Saturday, January 3, 2009

Do I Really Want to Share?

DH knows I've been reading lots of blogs lately.  Today he asked me if I've started my own yet.  It's not like I'm going to lie about it.  So of course I told him yes.  And he mentioned something about wanting to read it, or being interested in reading it... something to that effect.  *sigh*  I have nothing to hide from him, but if I know that someone I am so close with is reading, I worry that I won't continue to be true to myself with my posts.  And I worry that he'll think I'm posting about particular things as a way of trying to bring up a subject with him that I can't bring up in person, or as a way of getting at him for something.  All ready I've questioned whether I should even be writing this.  


2 comments:

Independent Chick said...

I questioned it too. This is blog number two for me. I had written one for about two years and then prying eyes entered and instead of reading and moving on, they made judgements. Well, that one got deleted. I regret it sometimes because there were somethings in there that were damn funny but it is what it is. As for this one, nothing in it I wouldn't say anyway.
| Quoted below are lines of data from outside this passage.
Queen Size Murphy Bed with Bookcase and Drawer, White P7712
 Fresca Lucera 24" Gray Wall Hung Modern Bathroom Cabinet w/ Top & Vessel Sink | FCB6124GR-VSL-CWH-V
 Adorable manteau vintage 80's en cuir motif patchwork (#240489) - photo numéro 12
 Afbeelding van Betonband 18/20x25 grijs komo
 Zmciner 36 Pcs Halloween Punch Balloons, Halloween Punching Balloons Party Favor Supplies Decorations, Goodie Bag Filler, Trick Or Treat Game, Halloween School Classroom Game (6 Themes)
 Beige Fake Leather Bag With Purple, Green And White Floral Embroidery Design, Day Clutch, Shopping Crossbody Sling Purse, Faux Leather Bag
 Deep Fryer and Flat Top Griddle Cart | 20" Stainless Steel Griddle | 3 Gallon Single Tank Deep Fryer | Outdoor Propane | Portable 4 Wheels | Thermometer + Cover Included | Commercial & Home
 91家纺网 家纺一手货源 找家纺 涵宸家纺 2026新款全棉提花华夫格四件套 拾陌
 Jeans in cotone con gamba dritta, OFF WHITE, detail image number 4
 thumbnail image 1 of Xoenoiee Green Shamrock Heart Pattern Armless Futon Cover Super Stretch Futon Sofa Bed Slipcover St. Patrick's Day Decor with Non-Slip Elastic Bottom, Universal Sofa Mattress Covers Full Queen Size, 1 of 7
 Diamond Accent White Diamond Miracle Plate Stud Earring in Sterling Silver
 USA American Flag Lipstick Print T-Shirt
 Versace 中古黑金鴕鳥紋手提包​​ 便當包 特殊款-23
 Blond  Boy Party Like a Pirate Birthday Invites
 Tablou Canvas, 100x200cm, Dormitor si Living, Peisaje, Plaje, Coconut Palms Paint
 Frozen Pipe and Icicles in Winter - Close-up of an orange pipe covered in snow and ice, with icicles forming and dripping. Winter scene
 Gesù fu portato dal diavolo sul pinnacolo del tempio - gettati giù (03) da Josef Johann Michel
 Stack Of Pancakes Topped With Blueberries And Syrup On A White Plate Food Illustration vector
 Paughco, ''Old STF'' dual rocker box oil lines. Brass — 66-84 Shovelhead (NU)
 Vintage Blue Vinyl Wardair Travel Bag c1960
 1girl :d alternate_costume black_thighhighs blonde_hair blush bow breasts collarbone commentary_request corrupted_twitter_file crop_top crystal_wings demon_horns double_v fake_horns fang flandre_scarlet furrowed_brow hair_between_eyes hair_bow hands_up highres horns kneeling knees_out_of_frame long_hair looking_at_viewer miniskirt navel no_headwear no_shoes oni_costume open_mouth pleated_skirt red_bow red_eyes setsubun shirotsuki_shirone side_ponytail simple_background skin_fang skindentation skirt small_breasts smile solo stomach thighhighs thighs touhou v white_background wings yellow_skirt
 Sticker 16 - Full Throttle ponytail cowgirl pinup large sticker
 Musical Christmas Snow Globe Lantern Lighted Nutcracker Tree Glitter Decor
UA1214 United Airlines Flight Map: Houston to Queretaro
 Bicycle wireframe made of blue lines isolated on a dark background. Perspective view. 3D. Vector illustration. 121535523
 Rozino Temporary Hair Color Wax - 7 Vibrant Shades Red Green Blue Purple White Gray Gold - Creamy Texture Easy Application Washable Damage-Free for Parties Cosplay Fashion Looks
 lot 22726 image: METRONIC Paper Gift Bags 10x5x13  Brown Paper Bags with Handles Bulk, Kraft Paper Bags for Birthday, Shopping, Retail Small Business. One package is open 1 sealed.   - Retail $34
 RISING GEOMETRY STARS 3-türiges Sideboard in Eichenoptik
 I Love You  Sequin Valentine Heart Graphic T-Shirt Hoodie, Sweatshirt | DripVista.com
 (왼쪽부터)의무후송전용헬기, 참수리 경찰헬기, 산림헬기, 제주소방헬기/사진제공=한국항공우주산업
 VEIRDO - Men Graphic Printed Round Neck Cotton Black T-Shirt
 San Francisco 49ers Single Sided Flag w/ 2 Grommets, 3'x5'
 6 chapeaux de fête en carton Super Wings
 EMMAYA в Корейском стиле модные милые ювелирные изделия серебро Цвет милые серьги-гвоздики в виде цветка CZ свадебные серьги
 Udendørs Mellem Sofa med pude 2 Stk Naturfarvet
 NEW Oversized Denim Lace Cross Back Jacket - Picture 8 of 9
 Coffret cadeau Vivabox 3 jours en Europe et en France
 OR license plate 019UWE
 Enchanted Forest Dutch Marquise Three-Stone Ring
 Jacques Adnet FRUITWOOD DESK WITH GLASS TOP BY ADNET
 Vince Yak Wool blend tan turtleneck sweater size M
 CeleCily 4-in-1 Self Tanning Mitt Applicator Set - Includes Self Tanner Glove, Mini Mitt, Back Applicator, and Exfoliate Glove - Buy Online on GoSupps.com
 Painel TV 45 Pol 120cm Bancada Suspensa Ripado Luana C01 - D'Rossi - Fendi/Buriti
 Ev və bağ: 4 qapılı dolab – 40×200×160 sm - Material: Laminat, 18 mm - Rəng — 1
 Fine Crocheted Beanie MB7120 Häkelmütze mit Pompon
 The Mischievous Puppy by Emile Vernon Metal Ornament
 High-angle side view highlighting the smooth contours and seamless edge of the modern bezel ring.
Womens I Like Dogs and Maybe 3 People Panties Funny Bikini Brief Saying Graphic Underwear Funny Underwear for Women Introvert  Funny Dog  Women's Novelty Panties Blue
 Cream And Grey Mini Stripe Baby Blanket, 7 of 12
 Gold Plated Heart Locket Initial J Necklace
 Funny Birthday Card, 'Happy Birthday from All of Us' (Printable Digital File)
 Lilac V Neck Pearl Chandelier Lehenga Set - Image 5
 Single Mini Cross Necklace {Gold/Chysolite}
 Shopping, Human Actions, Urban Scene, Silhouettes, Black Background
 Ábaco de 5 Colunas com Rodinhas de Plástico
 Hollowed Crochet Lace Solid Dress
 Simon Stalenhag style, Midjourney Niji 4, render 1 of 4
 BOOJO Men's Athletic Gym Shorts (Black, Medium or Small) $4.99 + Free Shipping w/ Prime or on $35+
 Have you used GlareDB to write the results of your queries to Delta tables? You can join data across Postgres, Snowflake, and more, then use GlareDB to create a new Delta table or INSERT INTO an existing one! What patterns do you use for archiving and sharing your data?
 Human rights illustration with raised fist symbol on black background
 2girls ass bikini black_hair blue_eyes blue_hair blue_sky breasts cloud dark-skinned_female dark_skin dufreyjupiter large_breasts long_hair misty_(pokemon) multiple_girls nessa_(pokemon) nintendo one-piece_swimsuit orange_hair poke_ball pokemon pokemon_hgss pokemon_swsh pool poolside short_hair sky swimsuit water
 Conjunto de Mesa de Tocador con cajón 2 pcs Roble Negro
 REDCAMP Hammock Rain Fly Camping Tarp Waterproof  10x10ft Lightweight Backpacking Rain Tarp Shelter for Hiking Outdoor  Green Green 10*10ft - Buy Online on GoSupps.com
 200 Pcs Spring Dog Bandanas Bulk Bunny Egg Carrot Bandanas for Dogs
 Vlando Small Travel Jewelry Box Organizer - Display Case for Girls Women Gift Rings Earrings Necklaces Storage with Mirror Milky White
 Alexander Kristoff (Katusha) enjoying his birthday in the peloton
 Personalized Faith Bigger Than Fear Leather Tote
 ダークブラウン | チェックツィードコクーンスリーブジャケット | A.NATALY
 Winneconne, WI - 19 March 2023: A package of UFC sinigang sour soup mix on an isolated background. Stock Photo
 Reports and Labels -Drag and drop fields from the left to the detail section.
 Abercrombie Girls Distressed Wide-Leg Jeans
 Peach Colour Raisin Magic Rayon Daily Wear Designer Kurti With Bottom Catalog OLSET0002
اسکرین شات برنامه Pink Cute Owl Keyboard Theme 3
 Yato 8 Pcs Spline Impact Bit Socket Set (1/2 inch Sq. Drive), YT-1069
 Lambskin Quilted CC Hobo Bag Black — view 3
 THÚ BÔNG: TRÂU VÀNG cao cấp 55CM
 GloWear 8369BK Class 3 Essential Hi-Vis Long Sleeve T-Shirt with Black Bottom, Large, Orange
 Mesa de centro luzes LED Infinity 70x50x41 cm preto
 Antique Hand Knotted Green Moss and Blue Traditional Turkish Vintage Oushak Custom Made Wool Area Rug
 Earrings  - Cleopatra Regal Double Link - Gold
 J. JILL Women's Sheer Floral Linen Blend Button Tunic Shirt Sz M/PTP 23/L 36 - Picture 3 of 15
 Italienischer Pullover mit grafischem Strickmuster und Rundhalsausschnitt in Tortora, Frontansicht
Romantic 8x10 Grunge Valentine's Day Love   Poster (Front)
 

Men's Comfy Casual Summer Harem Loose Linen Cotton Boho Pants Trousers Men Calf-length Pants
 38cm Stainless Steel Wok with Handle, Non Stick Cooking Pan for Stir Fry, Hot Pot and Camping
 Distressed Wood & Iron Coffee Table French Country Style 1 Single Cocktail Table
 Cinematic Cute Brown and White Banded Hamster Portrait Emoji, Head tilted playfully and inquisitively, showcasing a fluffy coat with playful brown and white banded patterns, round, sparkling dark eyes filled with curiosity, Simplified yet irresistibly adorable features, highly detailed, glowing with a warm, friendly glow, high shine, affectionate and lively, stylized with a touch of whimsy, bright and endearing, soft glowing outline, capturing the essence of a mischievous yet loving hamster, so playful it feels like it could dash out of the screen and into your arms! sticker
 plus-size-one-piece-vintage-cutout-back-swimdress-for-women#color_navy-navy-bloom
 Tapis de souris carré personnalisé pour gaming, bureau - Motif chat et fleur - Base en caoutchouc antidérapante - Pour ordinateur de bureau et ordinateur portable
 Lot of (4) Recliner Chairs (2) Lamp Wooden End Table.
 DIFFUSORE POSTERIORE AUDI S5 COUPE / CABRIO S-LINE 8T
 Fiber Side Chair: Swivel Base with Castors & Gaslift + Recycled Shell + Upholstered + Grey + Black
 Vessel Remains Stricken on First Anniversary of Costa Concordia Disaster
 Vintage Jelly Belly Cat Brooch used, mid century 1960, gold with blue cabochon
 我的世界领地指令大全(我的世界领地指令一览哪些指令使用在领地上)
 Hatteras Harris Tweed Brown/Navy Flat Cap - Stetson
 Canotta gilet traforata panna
I live with my emotions on my sleeve, always have. Besides I do it for me, the rest, well they can pee off if they don't like it. Do it for you. Enjoy it. : )

cuddles said...

It's too bad you deleted your old blog, I lurked there a bit (sorry for not de-lurking sooner!) and you're right, there was some damn funny stuff there. :) I was happy to stumble across your new blog though!
I too, wear my emotions on my sleeve, so I get where you're coming from.
Thanks for coming to visit me. Your insights are appreciated.